- _Action item_: All of the records below need to be written out exactly, but without the pictures.

[Short web captions]
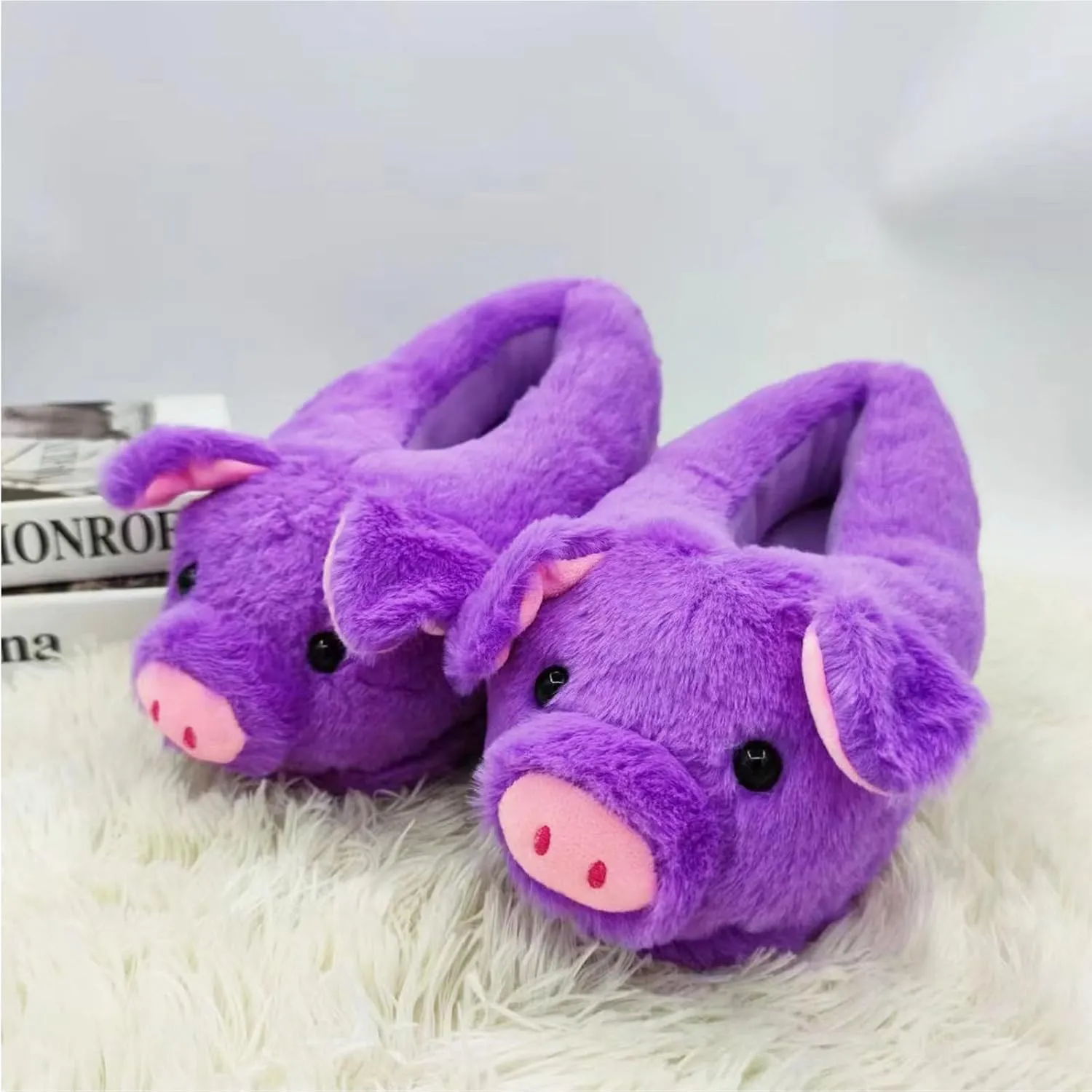 Pig Slippers, Cute Animal Anti-skid Slippers, Autumn Winter Warm Stuffed Cartoon Home Furry Slippers for Women Girl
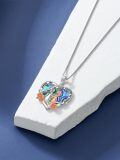 wholesale 925 Sterling Silver Heart-Shaped Pendant with Two Sisters and Roses Forever Friendship Necklace-0-3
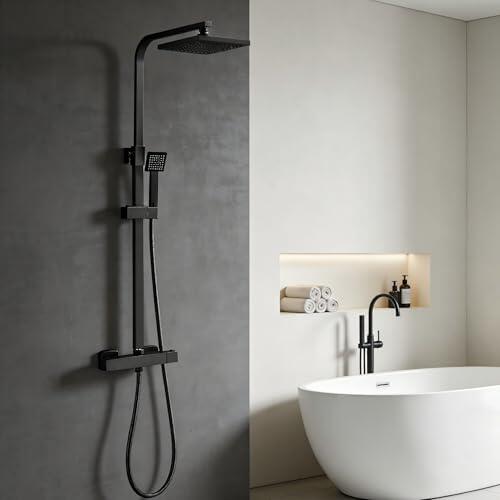 STANEW - Columna de Ducha Termostática, Conjunto de Ducha, Cuarto de Baño, Columna de Ducha, Termostato con Mezclador Ajustable en Altura, Sistema de Ducha (Negro)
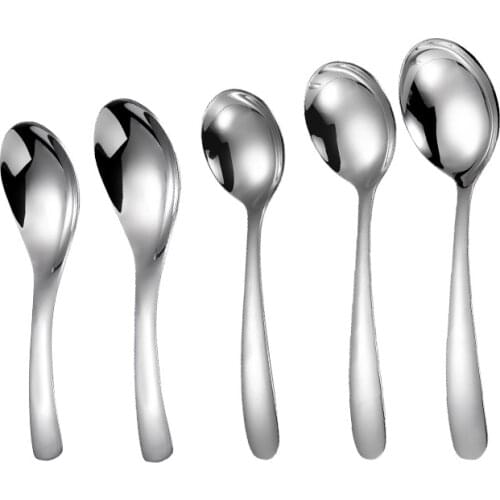 5pcs/set 304 Stainless Steel Spoon Children Adult Household Eating Spoon Desktop Spoon Tableware Coffee Spoon Family Tableware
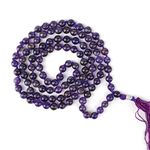 Reiki Crystal Products Natural Amethyst Mala Necklace 6 mm Crystal Gem Stone 108 Bead Jaap Mala for Men and Women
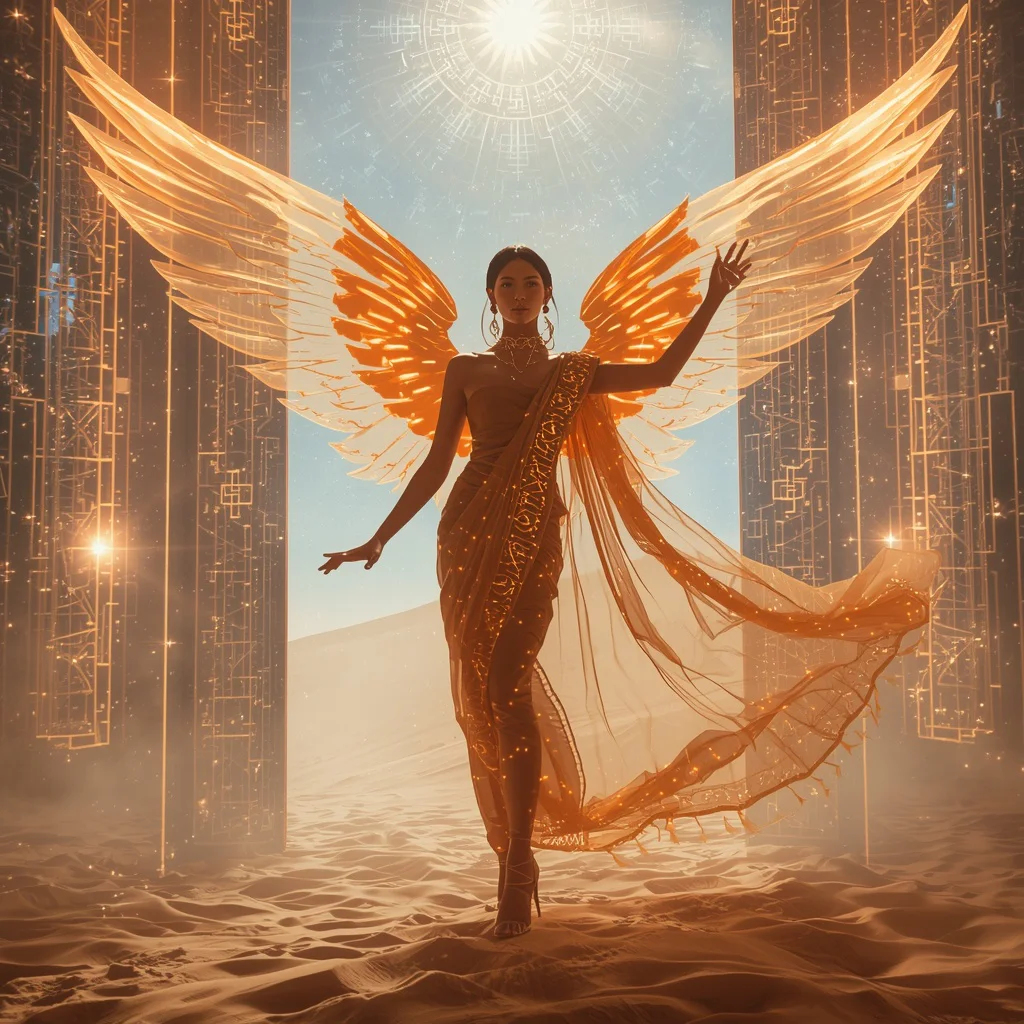 Cyber Sand Seraph Saree with Digital Desert Heaven Collapse Nexus Gate | prompt for traditional look for girl ChatGPT - New 10 Embellished Net Saree AI Prompts for Grand Reception Looks AI Prompt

- _Worked solution_:
 Pig Slippers, Cute Animal Anti-skid Slippers, Autumn Winter Warm Stuffed Cartoon Home Furry Slippers for Women Girl
 wholesale 925 Sterling Silver Heart-Shaped Pendant with Two Sisters and Roses Forever Friendship Necklace-0-3
 STANEW - Columna de Ducha Termostática, Conjunto de Ducha, Cuarto de Baño, Columna de Ducha, Termostato con Mezclador Ajustable en Altura, Sistema de Ducha (Negro)
 5pcs/set 304 Stainless Steel Spoon Children Adult Household Eating Spoon Desktop Spoon Tableware Coffee Spoon Family Tableware
 Reiki Crystal Products Natural Amethyst Mala Necklace 6 mm Crystal Gem Stone 108 Bead Jaap Mala for Men and Women
 Cyber Sand Seraph Saree with Digital Desert Heaven Collapse Nexus Gate | prompt for traditional look for girl ChatGPT - New 10 Embellished Net Saree AI Prompts for Grand Reception Looks AI Prompt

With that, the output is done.